The buyers’ market many anticipated has failed to materialise. M&A finds out why
The buyers’ market many anticipated has failed to materialise. M&A finds out why
Predictions about a surge in buy-outs as solid companies were picked up at bargain prices proved wide of the mark. Values have held up for profitable businesses with assured revenue streams, while others have shelved sales for better times.
‘There aren’t that many deals around,’ says Rod Richards, managing partner of private equity firm Graphite Capital. ‘If you look at what seems to be on sale, businesses that have done pretty well during the recession appear to be holding their value.’
Shaun Middleton, managing director at private equity firm Dunedin, takes a similar view. ‘People running good businesses, who must be fairly switched on, wouldn’t want to sell [in the recession] and didn’t.

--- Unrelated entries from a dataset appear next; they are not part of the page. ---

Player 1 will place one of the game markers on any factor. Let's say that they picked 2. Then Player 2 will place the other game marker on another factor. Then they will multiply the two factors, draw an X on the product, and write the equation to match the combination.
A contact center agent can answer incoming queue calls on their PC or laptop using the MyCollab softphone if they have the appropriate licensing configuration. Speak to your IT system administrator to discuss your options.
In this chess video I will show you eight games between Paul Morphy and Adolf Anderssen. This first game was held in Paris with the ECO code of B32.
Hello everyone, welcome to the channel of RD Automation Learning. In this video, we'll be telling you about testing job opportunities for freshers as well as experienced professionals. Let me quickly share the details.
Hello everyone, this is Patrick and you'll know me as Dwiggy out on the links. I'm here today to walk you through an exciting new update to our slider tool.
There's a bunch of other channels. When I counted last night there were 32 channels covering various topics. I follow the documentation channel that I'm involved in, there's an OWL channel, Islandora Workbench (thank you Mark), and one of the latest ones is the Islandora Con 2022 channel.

If you don’t know whether your turnover is going up or down, it’s more difficult to price. Now people can put forward forecasts with greater confidence.’
Recent deals like Gresham Private Equity’s backing of the £32.8 million MBO of support services group Spice, along with ISIS Private Equity’s role in the £20 million buy-out of Encore Tickets, show that conditions are improving. Research by the Centre for Management Buyout Research reveals that the £5 billion of private equity-backed UK buy-outs this year has already outstripped the £4.7 billion recorded in the whole of 2009. That said, dealmakers aren’t getting ahead of themselves.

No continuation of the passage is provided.